The Rev. Akil Dickens, youth pastor at Ebenezer AME Church in Fort Washington, has visited Prince George’s County schools for years presenting Black History Month assemblies. He was invited to Middleton by the school’s secretary, Dawn Hudson, a parishioner at Ebenezer AME. Dickens held three assemblies — one each for third-, fourth- and fifth-graders.
The topic of the day was voting. The theme of this year’s National Black History Month is “African Americans and the Right to Vote.” This year is the 150th anniversary of the 15th amendment which gave African American men the right to vote following the Civil War.
To illustrate how the process once worked before the 15th amendment was passed, Dickens asked that anyone not wearing jeans in the group of third graders to stand up against the wall.
Students in leggings, track pants and khakis left their denim-clad classmates sitting on the library carpet. Then, the kids in jeans were given a Post-it and pencil and asked to vote on chocolate — think Snickers or Reese’s Cups — or fruity — like Starburst or Skittles. The group standing had no say in the matter.
They were not happy to be left out. “Just because we’re not wearing the same clothing as some people doesn’t mean we’re not people,” third grader Peyton Holmes said.
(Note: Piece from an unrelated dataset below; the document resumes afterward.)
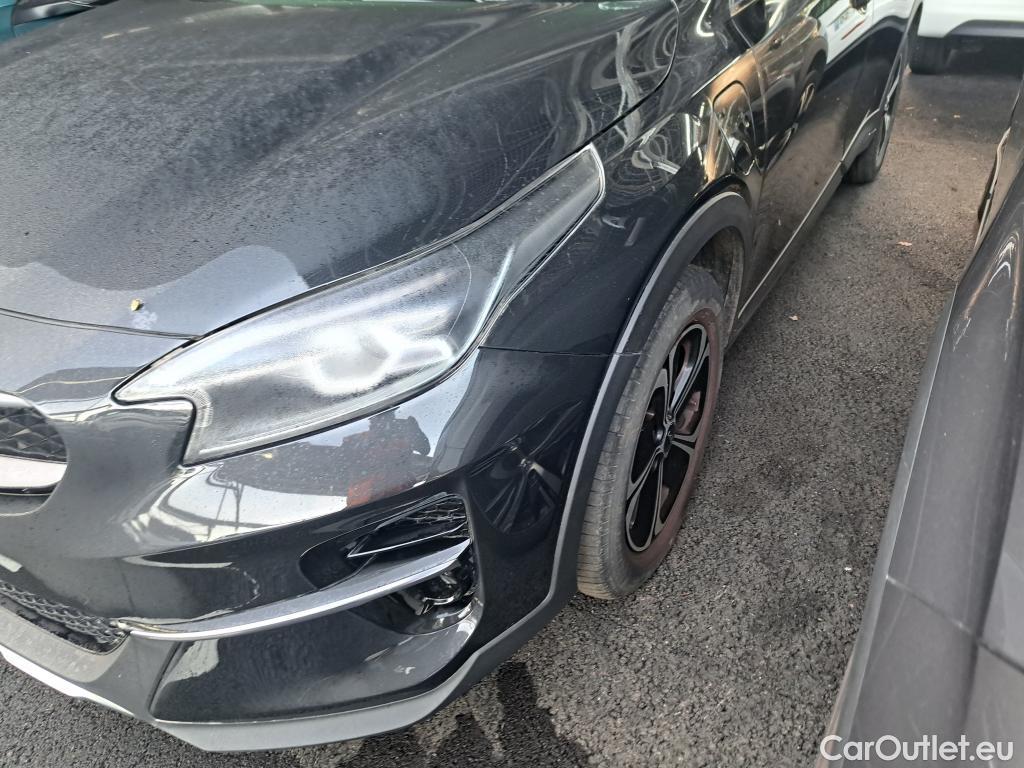  KIA  XCeed KIA  / 2019 / 5P / Crossover 1.6 GDI ISG ISG PHEV ACTIVE BUS DCT6 #11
That’s when Dickens told the students about the Voting Rights Act of 1965, signed into law by President Lyndon B. Johnson. The act focused on overcoming barriers at state and local levels that prevented African Americans the right to vote. Kids not wearing jeans were then allowed to vote on their candy preference before returning to the floor buoyed by cheers, high fives and hugs from their classmates.
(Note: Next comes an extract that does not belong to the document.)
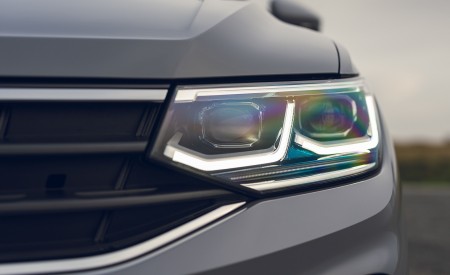 2021 Volkswagen Tiguan Life (UK-Spec) Headlight Wallpapers  450x275 (31)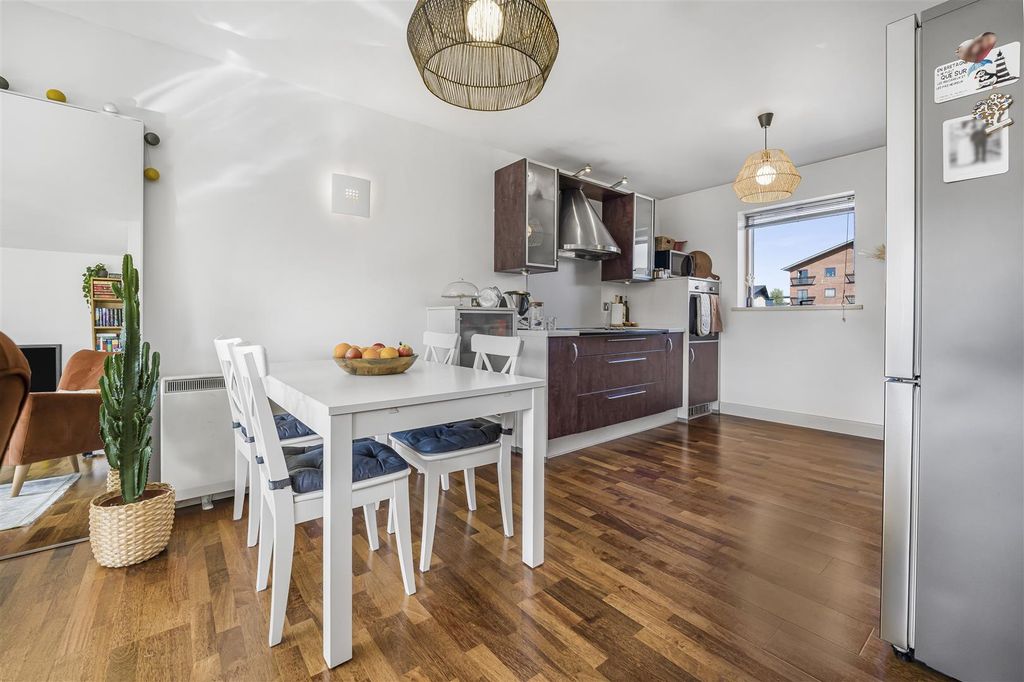 Additional image 2 of 2 bed flat for saleHenke Court, Cardiff Bay, Cardiff CF10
The theme of the month highlights continuing voting struggles among some. Which led into Dickens’ next exercise. Students closed their eyes so they wouldn’t be influenced by their friends, and then voted for their favorite pizza place — Dominos, Pizza Hut, Papa John’s or Ledo’s. They formed four groups based on their preference. The exercise was used to demonstrate how people of various backgrounds who assume they have nothing in common can be likeminded.
“It’s okay for us to be different and be cool with each other,” Dickens said.
Students reflected on what it meant to listen to other opinions without agreeing with them.
“By voting, you can form a community,” Nayeli Lopez, a third-grader, said.